The European Court of Justice has found in favour of Waterford Crystal workers who took a case against the State for the loss of their pensions when the company went bankrupt.
In a ruling issued in Luxembourg this morning, the court found that under EU law the State had an obligation to protect the pension entitlements of workers in the event of a company becoming insolvent.
The protection is enshrined in the 2008 Insolvency Directive.
The court rejected the Government's argument that the State contributory pension should be taken into account in assessing how much of the lost pensions should be made up following the insolvency of Waterford Crystal and its pension fund in 2009.
At the time 1,500 workers were told they would receive only between 18% and 28% of their full pension entitlements.
The court also criticised the Government for not fulfilling obligations which were imposed following the judgement in favour of an English woman who brought a similar case against the UK in 2007, before the Insolvency Directive was introduced.
On that occasion the Luxembourg court ruled that the woman, Carol Robins, should have received more than 49% of her pension entitlements after a double insolvency - the bankruptcy of a company and its pension fund.
When transposing the 2008 Insolvency Directive member states were supposed to apply the findings of the Robins case.
Because the Government did not take account of the Robins case, the court ruled this morning, the State was "in serious breach" of its obligations.
The court also rejected the State's arguments that the economic situation in Ireland should be taken into account when assessing the State's liabilities under the Insolvency Directive.
The judges ruled that the economic situation of a member state "does not constitute an exceptional situation capable of justifying a lower level of protection" for employees.
Today's judgment was a preliminary finding as the issue was referred by the High Court to Luxembourg.
As such, the judges were not expected to spell out how much of their pension entitlements the Waterford employees should get.
That means that the case will now go back to the High Court since the points of European law have been addressed.
It will be up to the High Court to decide by how much the State will be liable for the lost pensions of the Waterford workers.
Following the Robins case, the UK government agreed to restore her pension to 90%.
As a result of today's judgment, the workers should expect to receive at the very least more than the 49% referred to in the Robins case.
The decision of costs for today's judgment will be made by the High Court.
Government urged to put funds in place
Unite Regional Secretary and former Waterford Glass employee Jimmy Kelly said it is a great day for former Waterford Crystal workers and for others who lost their pensions in similar situations.
Speaking on RTÉ’s Today with Pat Kenny, Mr Kelly said the Court's decision was very clear - Waterford Crystal workers had won on all seven points.
He said: "It will be a great lift for people there.
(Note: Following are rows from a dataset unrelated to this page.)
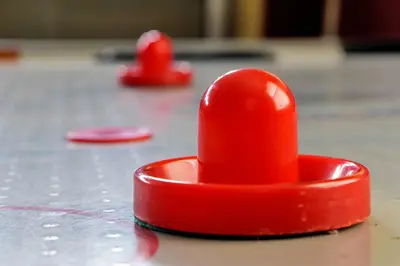 a red toy hat sitting on top of a table at Minutes from Disney - Entertainment Haven with Pool in Orlando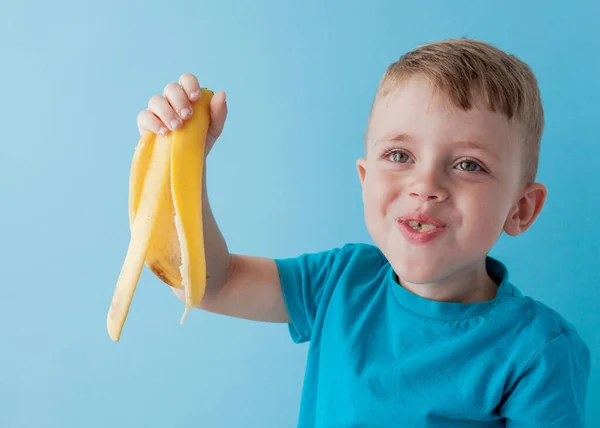 Little Boy Segurando e comendo uma banana no fundo azul, comida — Fotografia de Stock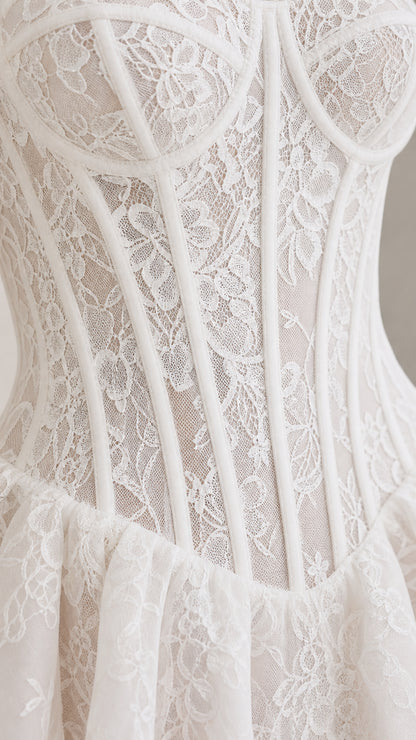 Close-up detail of white floral lace texture, cups, and corset boning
They've gone through the horrors of losing their jobs but losing the lifetime pension was adding insult to injury”.
Mr Kelly added that the ruling will also be good news for workers across the country who find themselves in the same situation and who will now “have the benefit of this pension protection fund having to be in place."
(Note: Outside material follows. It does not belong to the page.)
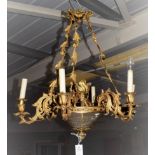 A Gilt Metal Six-Light Chandelier, 19th century, with leaf cast boss and chains, cut glass bowl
He also urged the Government not to drag its heels and to put the funds in place.
He said making good the gap in the pension fund would be around €296m and the Government “should do the decent thing now and take this result as being something that has to be put into place” rather than dragging it out.
Meanwhile, Pensions Ombudsman Paul Kenny has said the ruling will have implications for other employees who suffered losses to their pensions in similar situations.
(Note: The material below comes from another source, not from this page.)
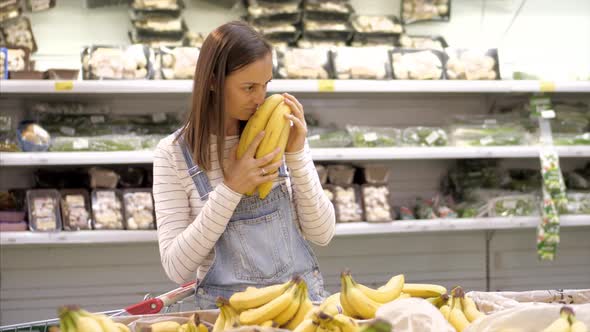 Young Woman in Denim Overall is Selecting Fresh Bananas at Grocery Store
Speaking on the same programme, he said he believed the Government would have to find substantial sums of money to meet their liabilities, following today's decision.
The solicitor representing Waterford Crystal workers said he is hopeful they could get up to 89% of their pension entitlements.
Gary Byrne said the workers' Wedgwood counterparts in Britain secured 89% of their pension entitlements, and is hopeful a similar arrangement will be secured for workers here.
Mr Byrne said they would not settle for the bare minimum.
"We have to get north of 50% which is a significant uptake, but 51%, we certainly wouldn't be happy”, he said.